# WHAT IS REQUIRED:
Where the line containing "If the chest" appears, begin retyping; continue exactly through the final line of the data. Omit every picture.

# SUPPLIED DATA:

★ ★ ★ ★ ★ ★ ★

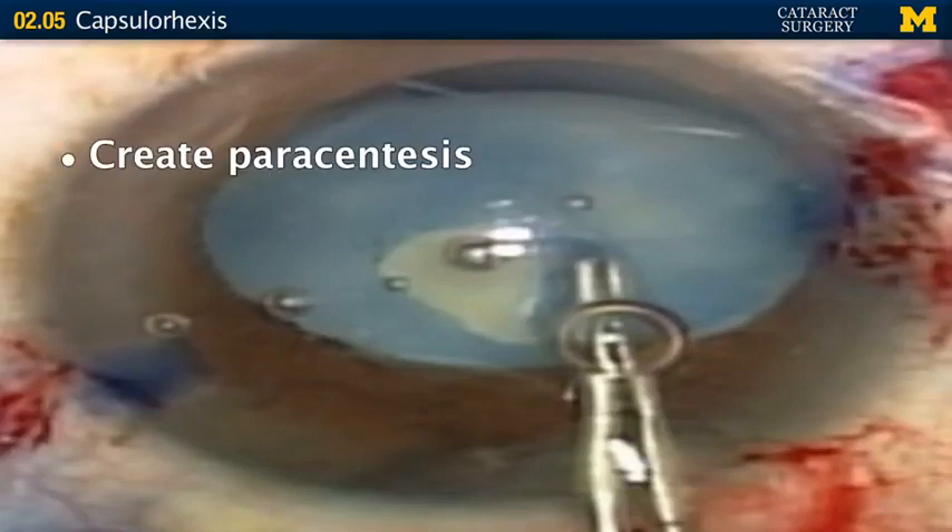Sometimes you won't be able to see a red reflex because the cataract is really dense — like a completely opaque white cortical cataract. In that case, you'll need to use a special stain to make it obvious where your capsule is. Special stains are used to visualize the anterior capsule when the cataract is completely opacified and you can't use the red reflex.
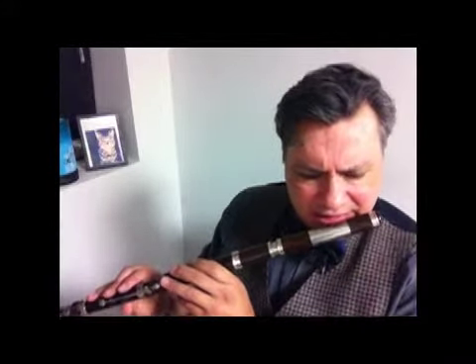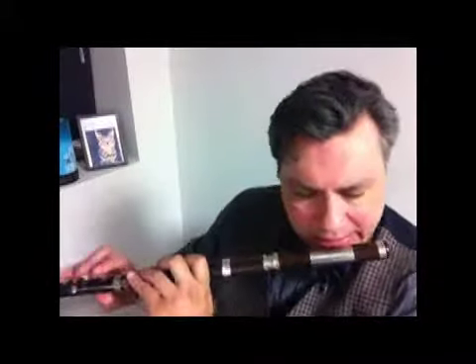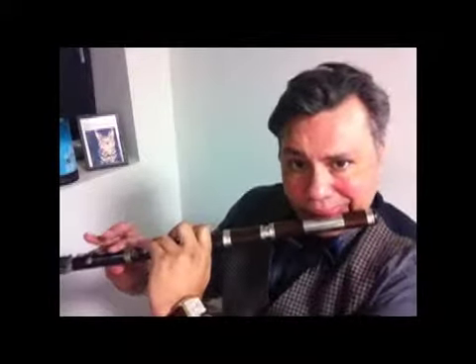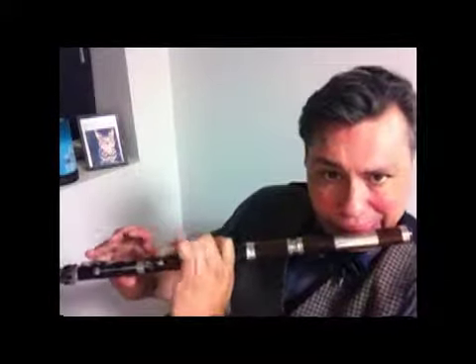I'll do something really quick, like a slip jig. You've probably heard this before. Thank you.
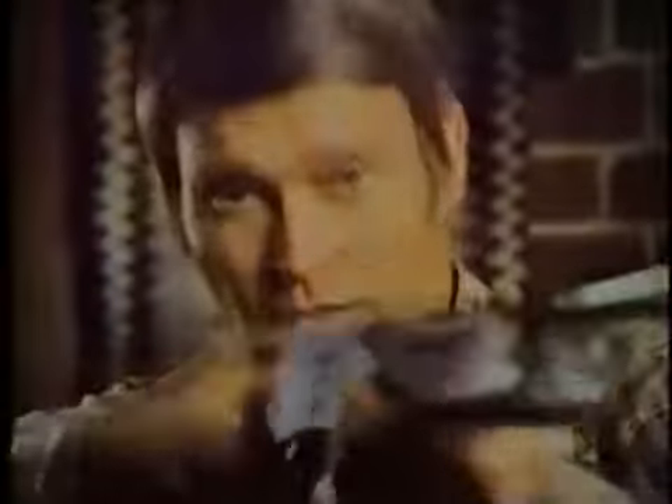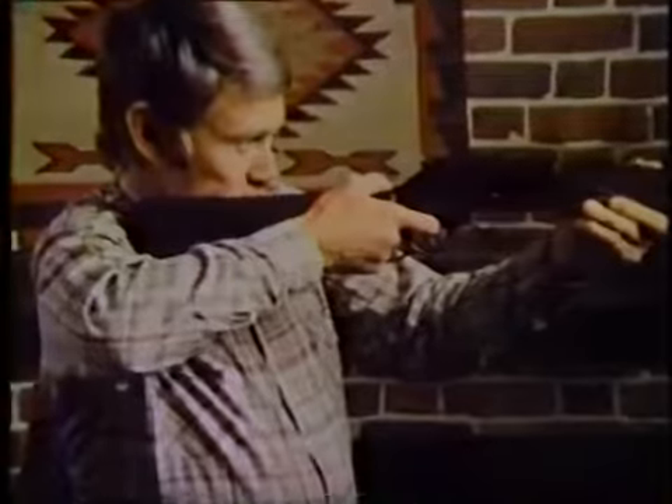Hello, I'm Chuck Connors, and this is Tin Can Alley, an exciting new electronic target game that truly tests your marksmanship from as far away as 25 feet. Nice shooting, Chuck. But Tin Can Alley is safe because it only shoots a beam of light that's as safe as a flashlight.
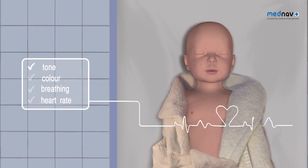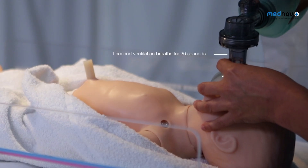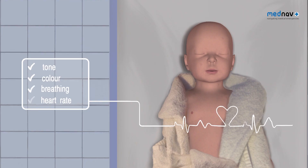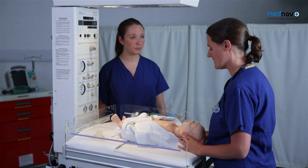If the chest wall has risen, you must go on and assess the baby in terms of tone, colour, breathing and heart rate. If the heart rate is less than 60 and the chest wall is rising, continue ventilation breaths for 30 seconds, then reassess tone, colour, breathing and heart rate.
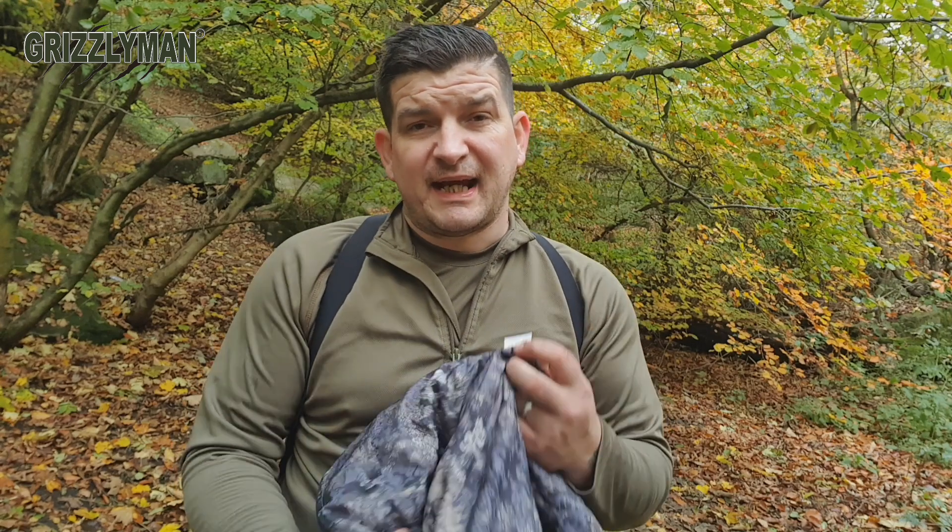It's 100% polyester and machine washable down to about 30 degrees. I'll leave links to all this in the description, and you can go check it out for yourself directly from Grizzly Man Gear's website.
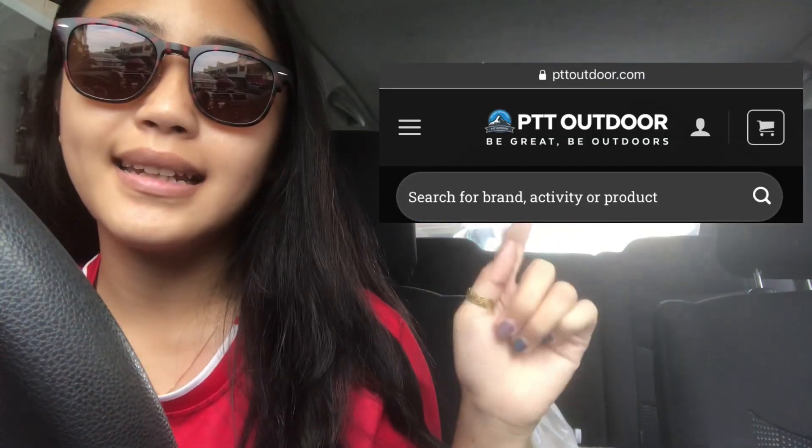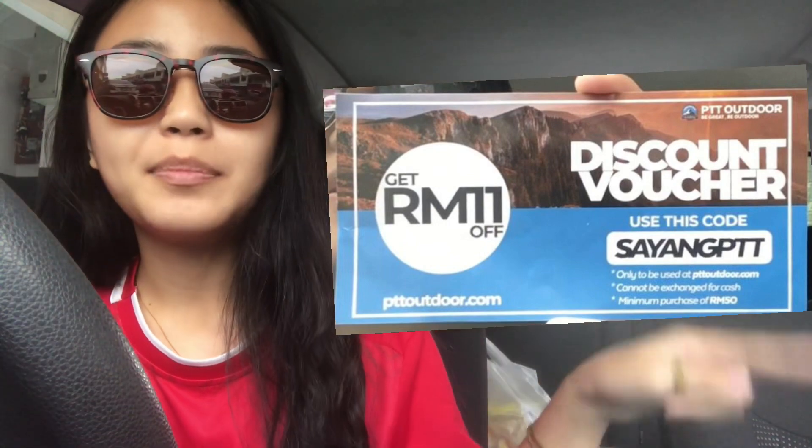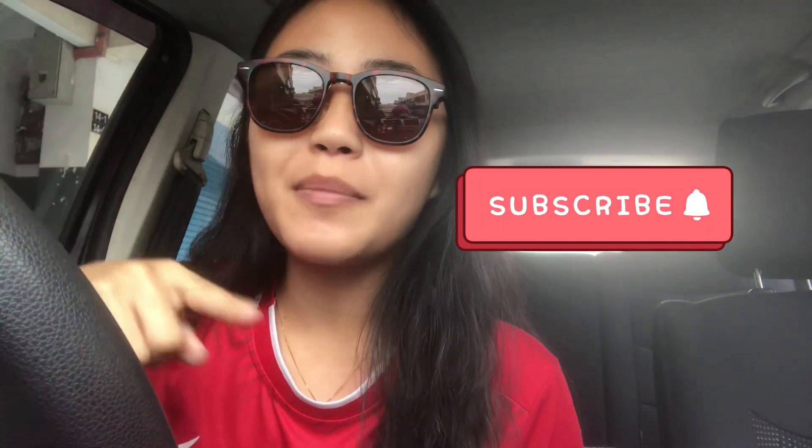If you guys want to check it out, please check their website, and also I have a discount voucher — 11 ringgit off — nanti ada picture over here. So that's it for this video, thank you guys for watching and for tuning in to my channel. For those yang belum subscribe, please do subscribe, give a thumbs up, and if you have more recommendations or any idea for my next video please leave it in the comments.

★ ★ ★ ★ ★ ★ ★

# SOLUTION TO THIS TASK:
If the chest wall has risen, you must go on and assess the baby in terms of tone, colour, breathing and heart rate. If the heart rate is less than 60 and the chest wall is rising, continue ventilation breaths for 30 seconds, then reassess tone, colour, breathing and heart rate.
It's 100% polyester and machine washable down to about 30 degrees. I'll leave links to all this in the description, and you can go check it out for yourself directly from Grizzly Man Gear's website.
If you guys want to check it out, please check their website, and also I have a discount voucher — 11 ringgit off — nanti ada picture over here. So that's it for this video, thank you guys for watching and for tuning in to my channel. For those yang belum subscribe, please do subscribe, give a thumbs up, and if you have more recommendations or any idea for my next video please leave it in the comments.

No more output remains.